## WORK TO COMPLETE
Produce word for word the lines of the data below running from the one that has "Wall Mural - 3d" to the one that has "BitcoinDerg2", inclusive, and no others.

## THE INPUT
........

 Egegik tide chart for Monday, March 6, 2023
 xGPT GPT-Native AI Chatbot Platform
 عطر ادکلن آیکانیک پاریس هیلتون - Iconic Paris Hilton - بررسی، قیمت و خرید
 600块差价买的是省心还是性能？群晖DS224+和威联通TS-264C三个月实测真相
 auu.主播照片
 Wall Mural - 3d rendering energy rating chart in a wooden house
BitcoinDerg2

........

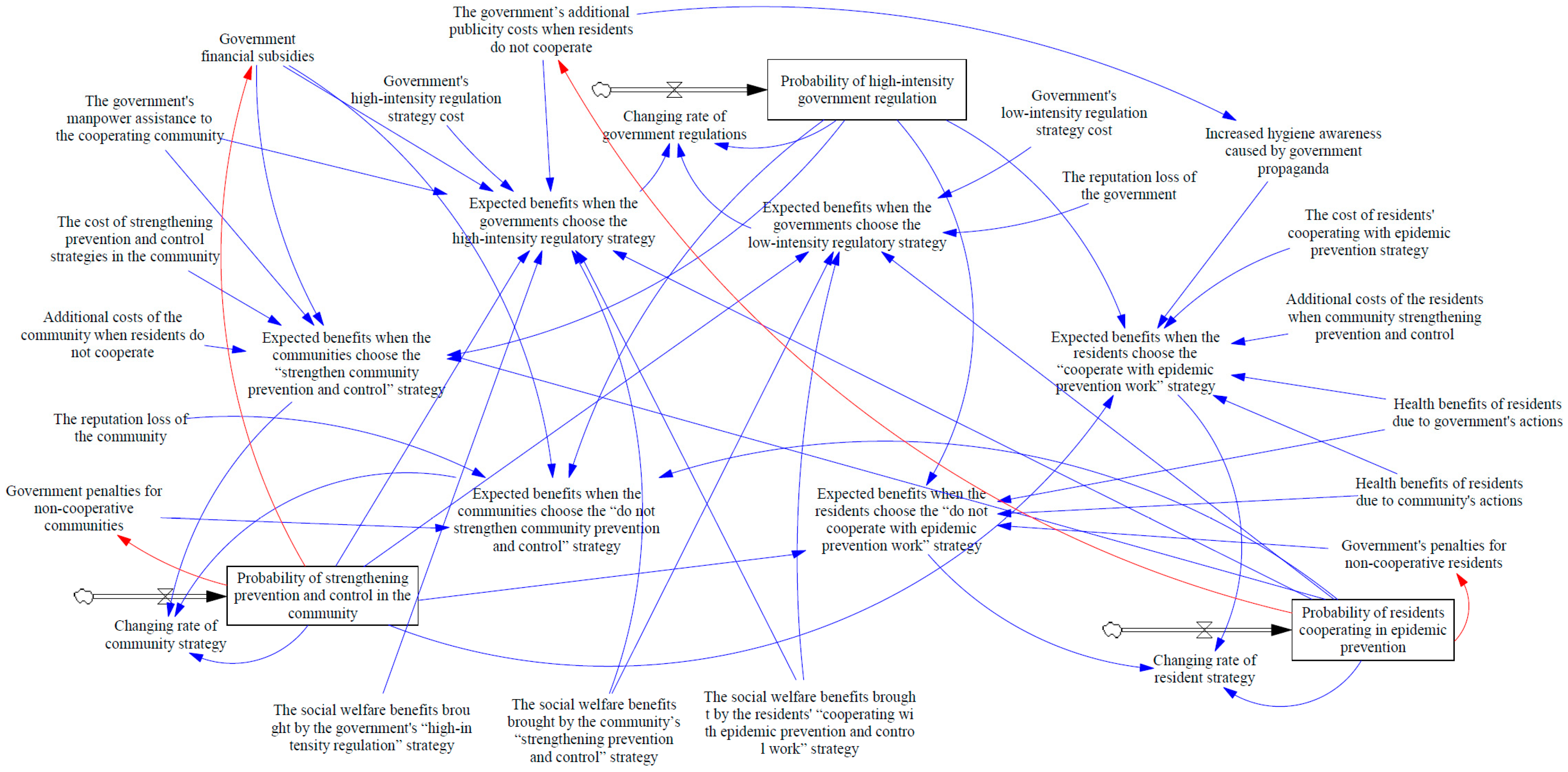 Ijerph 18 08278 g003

........

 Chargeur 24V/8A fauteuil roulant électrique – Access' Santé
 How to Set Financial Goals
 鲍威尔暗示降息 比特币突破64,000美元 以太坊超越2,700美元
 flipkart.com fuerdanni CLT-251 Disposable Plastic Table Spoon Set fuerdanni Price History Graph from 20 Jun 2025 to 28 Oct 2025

........

## RESULT FOR THIS TASK
 Wall Mural - 3d rendering energy rating chart in a wooden house
BitcoinDerg2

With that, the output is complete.